Black River

In S.M. Hulse's spare but rich first novel, Black River, troubles loom for her stoic hero, Wes Carver, and his family like the glacial mountains surrounding their small Montana prison town. Black River's economic life centers on the Montana State Prison where Wes and his neighbors walk the tiers as guards, "enforcing rules, suppressing emotions, intimidating and refusing to be intimidated." When a riot erupts, Wes is taken hostage and methodically tortured by sociopathic inmate Bobby Williams. All his fingers broken, his wrists scarred by cigarette burns and cuts from a makeshift prison shiv, Wes is forever changed. No more can he experience the pleasure of his fiddle playing and composing. Now retired from the state on disability, he and his wife, Claire, move to Spokane, Wash., where he's hired as a mall cop to chase shoplifters and rowdy teens.

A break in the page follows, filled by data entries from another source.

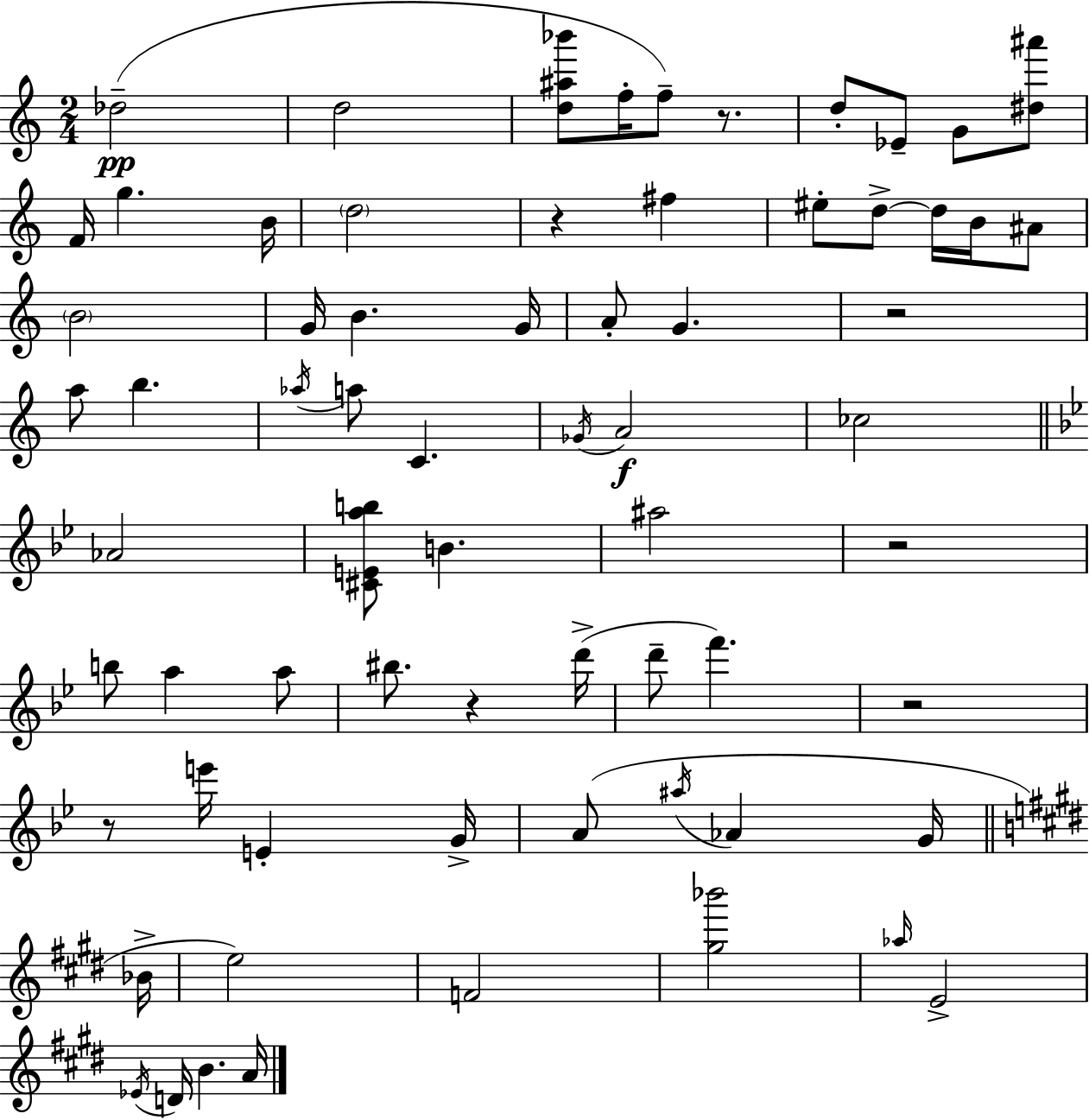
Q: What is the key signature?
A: C major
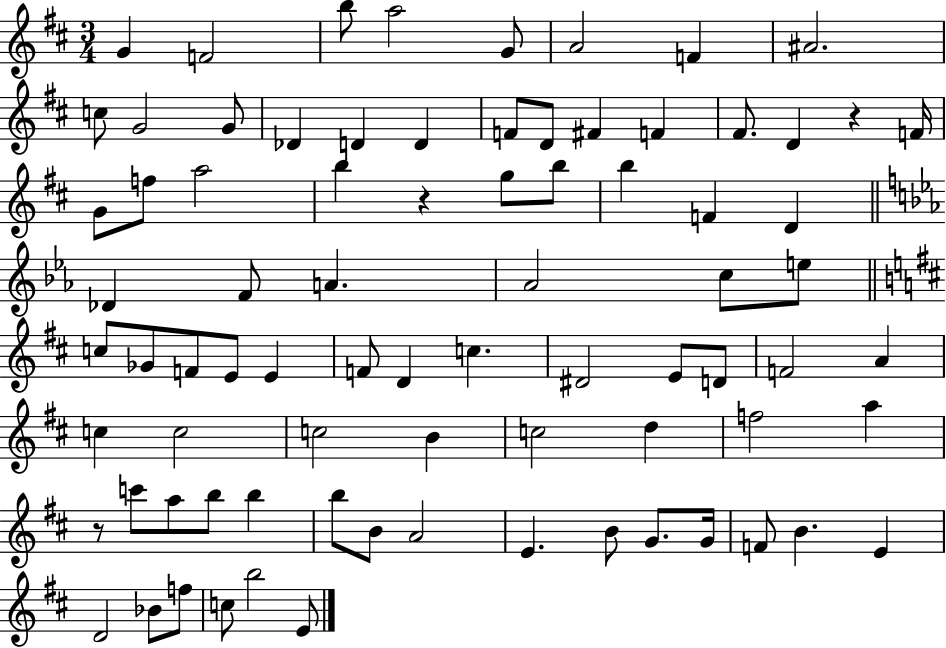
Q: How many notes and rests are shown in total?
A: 80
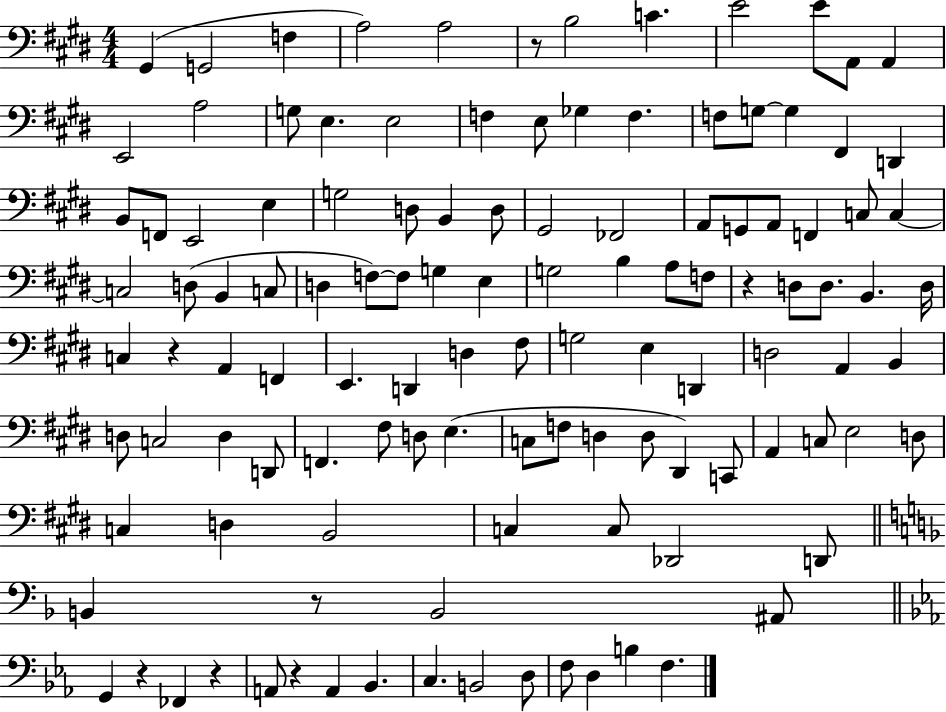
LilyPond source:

{
  \clef bass
  \numericTimeSignature
  \time 4/4
  \key e \major
  gis,4( g,2 f4 | a2) a2 | r8 b2 c'4. | e'2 e'8 a,8 a,4 | \break e,2 a2 | g8 e4. e2 | f4 e8 ges4 f4. | f8 g8~~ g4 fis,4 d,4 | \break b,8 f,8 e,2 e4 | g2 d8 b,4 d8 | gis,2 fes,2 | a,8 g,8 a,8 f,4 c8 c4~~ | \break c2 d8( b,4 c8 | d4 f8~~) f8 g4 e4 | g2 b4 a8 f8 | r4 d8 d8. b,4. d16 | \break c4 r4 a,4 f,4 | e,4. d,4 d4 fis8 | g2 e4 d,4 | d2 a,4 b,4 | \break d8 c2 d4 d,8 | f,4. fis8 d8 e4.( | c8 f8 d4 d8 dis,4) c,8 | a,4 c8 e2 d8 | \break c4 d4 b,2 | c4 c8 des,2 d,8 | \bar "||" \break \key f \major b,4 r8 b,2 ais,8 | \bar "||" \break \key c \minor g,4 r4 fes,4 r4 | a,8 r4 a,4 bes,4. | c4. b,2 d8 | f8 d4 b4 f4. | \break \bar "|."
}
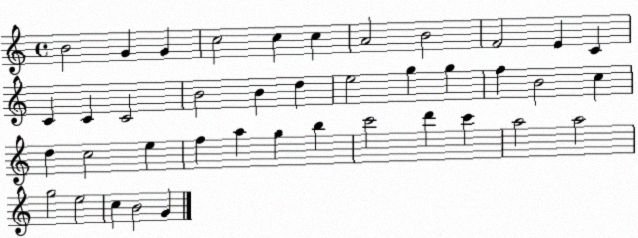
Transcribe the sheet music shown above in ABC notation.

X:1
T:Untitled
M:4/4
L:1/4
K:C
B2 G G c2 c c A2 B2 F2 E C C C C2 B2 B d e2 g g f B2 c d c2 e f a g b c'2 d' c' a2 a2 g2 e2 c B2 G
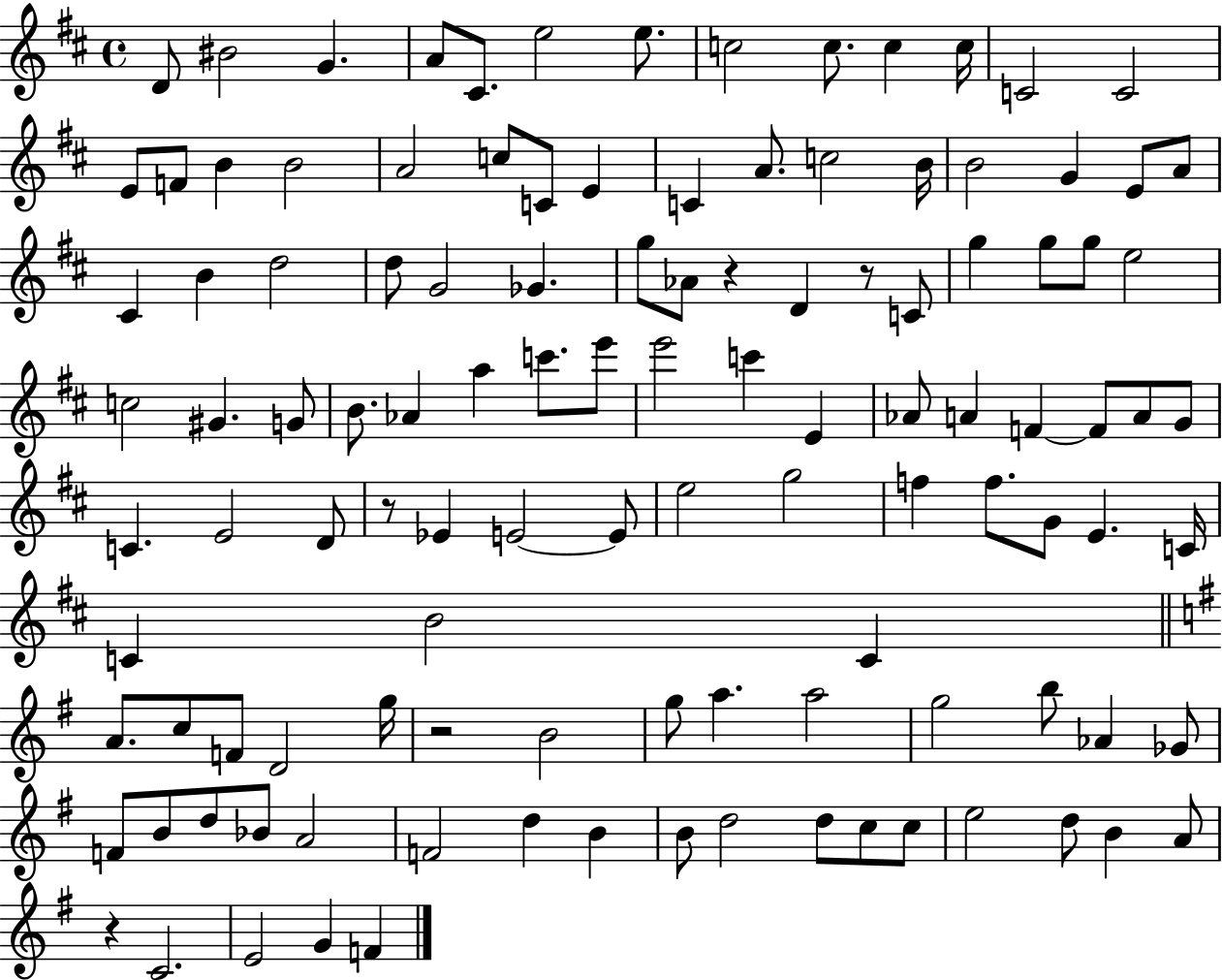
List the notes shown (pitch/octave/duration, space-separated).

D4/e BIS4/h G4/q. A4/e C#4/e. E5/h E5/e. C5/h C5/e. C5/q C5/s C4/h C4/h E4/e F4/e B4/q B4/h A4/h C5/e C4/e E4/q C4/q A4/e. C5/h B4/s B4/h G4/q E4/e A4/e C#4/q B4/q D5/h D5/e G4/h Gb4/q. G5/e Ab4/e R/q D4/q R/e C4/e G5/q G5/e G5/e E5/h C5/h G#4/q. G4/e B4/e. Ab4/q A5/q C6/e. E6/e E6/h C6/q E4/q Ab4/e A4/q F4/q F4/e A4/e G4/e C4/q. E4/h D4/e R/e Eb4/q E4/h E4/e E5/h G5/h F5/q F5/e. G4/e E4/q. C4/s C4/q B4/h C4/q A4/e. C5/e F4/e D4/h G5/s R/h B4/h G5/e A5/q. A5/h G5/h B5/e Ab4/q Gb4/e F4/e B4/e D5/e Bb4/e A4/h F4/h D5/q B4/q B4/e D5/h D5/e C5/e C5/e E5/h D5/e B4/q A4/e R/q C4/h. E4/h G4/q F4/q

Wes's riot ordeal is only the latest traumatic incident in his scarred life. His woodworking father committed suicide, leaving his young son nothing but questions and a beautiful handmade fiddle. Claire's son, Dennis, a child of rape, resents his stepfather and threatens Wes with a loaded pistol. Claire develops leukemia, requiring cycles of hospital visits and treatments until the disease finally wins. Wes's nemesis, Bobby Williams, now supposedly a born-again Christian, is up for parole in Black River and Wes returns to attend the hearing.

With neither Claire nor his music, Wes's salvation can come only from "keeping his word. Following through. Doing what needed to be done." Black River is a transcendent story subtly unfolding in flawless prose--a remarkable first effort. --Bruce Jacobs, founding partner, Watermark Books & Cafe, Wichita, Kan.